Perceptron Perceptron -4 years ago 284
R Question

ggplot boxplot multiple columns with a factor with condition

Example data frame:

a <- c(1, 0, 1)
b <- c(0, 1, 0)
c <- c(1, 0, 1)
total <- c(100,200,300)
my.data <- data.frame(a, b, c, total)

> my.data
a b c total
1 1 0 1 100
2 0 1 1 200
3 1 0 1 300


I would like to create one single boxplot to show the distribution of "total" for each column: a, b, c but only consider those with value = 1.
Example: Column a's row 2 is ignore because it is 0, so column a has a distribution of 100 and 300. Column B has a distribution of 200 and column c has a distribution of 100,200,300.

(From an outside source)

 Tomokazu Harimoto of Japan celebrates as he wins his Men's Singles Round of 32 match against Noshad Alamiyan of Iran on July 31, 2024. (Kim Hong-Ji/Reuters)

I can plot them separately:

ggplot(subset(my.data,a==1), aes(x=a,y=total)) +
geom_boxplot()

ggplot(subset(my.data,b==1), aes(x=b,y=total)) +
geom_boxplot()

ggplot(subset(my.data,c==1), aes(x=c,y=total)) +
geom_boxplot()


I also tried the following, but it's not correct:

ggplot(my.data, aes(x=as.factor(c("a","b","c")),y=total)) +
geom_boxplot()


Hoping there is an awesome R function/method that let me do my plot in one shot. Don't think I can use melt() because of the Total column. Thanks in advance.

Answer Source

Your data should be in long format, using the package Reshape2, for example

library(reshape2)
my.data <- melt(my.data, measure.vars=c("a","b","c"))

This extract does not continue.